I have 1/0 "conversion" outcomes.

I have samples from three groups: people who speak russian, people who speak japanese, people who speak portuguese. i expect the conversion rate will be different from each group.

each language group is placed within a treatment or control cohort randomly. there is a 50/50 split within each language group.

so i have one coefficient, $T$, which is a fixed effect, for the treatment effect.

then i have one other coefficient, $L$, which I think should be the random effect for each group.

$Y_i = \alpha + T_i + L_{\gamma} + e$


$L_{\gamma} = N(0, \sigma_\gamma^2 I)$

i believe this is correct because I expect the conversion (and therefore the variance) to vary by group. the people sampled for each language group are also a random sample. therefore, to stabilize the variance, it seems to be that we must have an error term, and a random effect, for each language group. a fixed categorical effect it would seem to me is not quite right because the assumption would be equal variance for each sample.

does this seem right?


1 Answer 1


This does not seem right to me. It seems like you want to put a random effect of language, which means that language-specific intercepts are assumed to have a mean and variance. But there are only three languages; how do you think you can estimate the variance of the random effect with only three levels?

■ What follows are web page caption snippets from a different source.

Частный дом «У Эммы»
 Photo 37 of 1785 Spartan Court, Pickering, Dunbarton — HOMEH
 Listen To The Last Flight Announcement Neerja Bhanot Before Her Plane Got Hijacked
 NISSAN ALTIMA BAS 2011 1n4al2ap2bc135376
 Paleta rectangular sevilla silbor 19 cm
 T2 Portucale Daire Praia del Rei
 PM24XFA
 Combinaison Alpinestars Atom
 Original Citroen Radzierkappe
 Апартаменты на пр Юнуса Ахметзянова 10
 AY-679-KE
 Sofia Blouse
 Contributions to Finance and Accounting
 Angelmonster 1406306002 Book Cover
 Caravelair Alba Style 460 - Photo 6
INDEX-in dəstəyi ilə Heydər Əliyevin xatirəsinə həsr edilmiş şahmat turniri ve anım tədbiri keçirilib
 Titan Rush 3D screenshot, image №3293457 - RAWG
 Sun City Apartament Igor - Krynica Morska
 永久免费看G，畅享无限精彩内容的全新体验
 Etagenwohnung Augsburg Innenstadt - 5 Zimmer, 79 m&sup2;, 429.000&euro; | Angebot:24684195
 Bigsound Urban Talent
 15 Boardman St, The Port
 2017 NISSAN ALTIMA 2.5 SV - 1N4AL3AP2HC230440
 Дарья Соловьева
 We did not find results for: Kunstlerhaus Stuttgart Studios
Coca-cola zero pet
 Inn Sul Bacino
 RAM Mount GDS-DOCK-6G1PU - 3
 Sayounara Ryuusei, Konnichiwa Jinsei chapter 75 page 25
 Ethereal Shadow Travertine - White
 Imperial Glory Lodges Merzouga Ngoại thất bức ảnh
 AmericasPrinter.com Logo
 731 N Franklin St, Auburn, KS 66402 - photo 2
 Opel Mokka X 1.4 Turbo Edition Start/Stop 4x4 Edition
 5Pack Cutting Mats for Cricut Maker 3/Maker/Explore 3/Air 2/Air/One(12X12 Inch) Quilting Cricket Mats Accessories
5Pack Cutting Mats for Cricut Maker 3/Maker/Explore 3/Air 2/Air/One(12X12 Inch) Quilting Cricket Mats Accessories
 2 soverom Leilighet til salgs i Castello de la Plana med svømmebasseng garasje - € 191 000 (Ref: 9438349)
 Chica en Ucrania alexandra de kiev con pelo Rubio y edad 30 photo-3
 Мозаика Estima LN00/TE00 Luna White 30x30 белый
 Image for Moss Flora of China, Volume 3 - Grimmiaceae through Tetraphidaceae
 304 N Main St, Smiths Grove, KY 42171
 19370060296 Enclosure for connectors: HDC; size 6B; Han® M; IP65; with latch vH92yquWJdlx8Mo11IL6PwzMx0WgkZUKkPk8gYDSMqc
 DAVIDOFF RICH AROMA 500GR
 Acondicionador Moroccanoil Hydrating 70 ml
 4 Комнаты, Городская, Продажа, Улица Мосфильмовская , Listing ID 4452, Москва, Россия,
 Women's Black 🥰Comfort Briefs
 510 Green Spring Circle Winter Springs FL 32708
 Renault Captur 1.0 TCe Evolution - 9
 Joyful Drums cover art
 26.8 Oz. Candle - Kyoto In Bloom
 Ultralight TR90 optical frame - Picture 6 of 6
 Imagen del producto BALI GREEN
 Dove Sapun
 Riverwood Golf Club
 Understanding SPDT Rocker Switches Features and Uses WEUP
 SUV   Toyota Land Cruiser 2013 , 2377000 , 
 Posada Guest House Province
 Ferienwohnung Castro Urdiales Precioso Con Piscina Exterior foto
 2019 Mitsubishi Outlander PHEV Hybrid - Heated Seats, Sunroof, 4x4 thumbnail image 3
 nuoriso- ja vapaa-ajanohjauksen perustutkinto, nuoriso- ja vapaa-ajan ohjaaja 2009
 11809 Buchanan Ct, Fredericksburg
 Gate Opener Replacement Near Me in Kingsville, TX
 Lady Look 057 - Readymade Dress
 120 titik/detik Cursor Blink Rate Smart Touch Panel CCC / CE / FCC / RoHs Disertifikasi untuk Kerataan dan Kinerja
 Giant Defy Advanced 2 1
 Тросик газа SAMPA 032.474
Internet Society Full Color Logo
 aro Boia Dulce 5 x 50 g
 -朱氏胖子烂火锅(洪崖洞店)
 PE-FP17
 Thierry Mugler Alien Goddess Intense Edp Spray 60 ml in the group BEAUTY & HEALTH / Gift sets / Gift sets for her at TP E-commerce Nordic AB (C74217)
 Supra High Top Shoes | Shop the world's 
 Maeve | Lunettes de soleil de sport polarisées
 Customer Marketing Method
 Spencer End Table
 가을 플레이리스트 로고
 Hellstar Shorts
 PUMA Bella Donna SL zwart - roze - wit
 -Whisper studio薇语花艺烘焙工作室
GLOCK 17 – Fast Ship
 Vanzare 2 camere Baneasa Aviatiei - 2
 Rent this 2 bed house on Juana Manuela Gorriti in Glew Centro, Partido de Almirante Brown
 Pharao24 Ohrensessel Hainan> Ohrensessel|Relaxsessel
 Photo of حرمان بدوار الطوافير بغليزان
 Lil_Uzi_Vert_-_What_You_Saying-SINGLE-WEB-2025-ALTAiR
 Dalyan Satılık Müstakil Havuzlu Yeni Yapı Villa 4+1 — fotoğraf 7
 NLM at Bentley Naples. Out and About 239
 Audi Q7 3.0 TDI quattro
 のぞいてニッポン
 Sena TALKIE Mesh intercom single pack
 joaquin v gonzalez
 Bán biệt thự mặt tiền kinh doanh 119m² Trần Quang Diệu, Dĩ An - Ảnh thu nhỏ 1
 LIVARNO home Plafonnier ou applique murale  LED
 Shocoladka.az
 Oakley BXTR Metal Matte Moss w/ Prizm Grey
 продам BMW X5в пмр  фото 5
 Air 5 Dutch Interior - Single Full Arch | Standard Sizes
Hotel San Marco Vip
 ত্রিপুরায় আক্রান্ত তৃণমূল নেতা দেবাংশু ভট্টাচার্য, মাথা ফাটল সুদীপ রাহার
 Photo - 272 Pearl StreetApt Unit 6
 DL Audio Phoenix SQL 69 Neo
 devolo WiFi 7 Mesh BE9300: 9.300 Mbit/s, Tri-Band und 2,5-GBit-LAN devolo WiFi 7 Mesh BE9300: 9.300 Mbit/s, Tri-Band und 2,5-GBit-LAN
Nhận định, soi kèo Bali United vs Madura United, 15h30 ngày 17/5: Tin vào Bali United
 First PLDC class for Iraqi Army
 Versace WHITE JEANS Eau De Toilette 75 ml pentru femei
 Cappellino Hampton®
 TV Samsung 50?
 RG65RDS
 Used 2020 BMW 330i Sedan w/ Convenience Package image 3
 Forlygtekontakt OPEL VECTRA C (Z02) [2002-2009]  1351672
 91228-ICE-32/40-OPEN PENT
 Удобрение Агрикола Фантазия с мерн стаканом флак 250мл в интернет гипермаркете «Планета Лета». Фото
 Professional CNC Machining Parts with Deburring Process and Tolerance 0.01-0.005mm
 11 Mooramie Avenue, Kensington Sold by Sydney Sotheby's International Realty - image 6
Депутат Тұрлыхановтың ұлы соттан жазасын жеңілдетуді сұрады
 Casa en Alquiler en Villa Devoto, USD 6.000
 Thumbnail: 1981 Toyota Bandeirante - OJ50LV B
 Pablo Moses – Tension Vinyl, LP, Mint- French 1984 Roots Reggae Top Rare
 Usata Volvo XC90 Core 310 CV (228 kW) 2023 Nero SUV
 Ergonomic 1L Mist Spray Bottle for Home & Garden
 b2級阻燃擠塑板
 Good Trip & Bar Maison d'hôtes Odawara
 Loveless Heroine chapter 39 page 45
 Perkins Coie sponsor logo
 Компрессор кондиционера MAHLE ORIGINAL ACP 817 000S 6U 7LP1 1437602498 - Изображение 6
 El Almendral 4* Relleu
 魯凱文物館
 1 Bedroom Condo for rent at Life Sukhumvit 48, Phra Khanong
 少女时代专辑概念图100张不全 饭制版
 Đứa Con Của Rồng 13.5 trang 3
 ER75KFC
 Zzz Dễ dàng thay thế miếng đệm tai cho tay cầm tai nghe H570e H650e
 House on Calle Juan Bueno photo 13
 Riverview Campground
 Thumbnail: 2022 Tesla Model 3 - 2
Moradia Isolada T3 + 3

Random effects are used when you have multiple observations per individual, in which case there is a random effect for the individual intercepts (and possible slopes). In your design, you did not suggest each individual is observed more than once. So there is no way to specify a random effect for individual.

The model you should be using is a very simple one: $$ Y \sim 1 + T + L + T \times L $$ You can fit this using ordinary least squares and use a robust standard error; there is no misspecification because the model is fully saturated. This is a very simple 2x3 design, or a one-way design with a 3-category moderator. I think you might be overthinking it if you think a random effect is necessary, unless you have not described the element of the design that would necessitate a random effect.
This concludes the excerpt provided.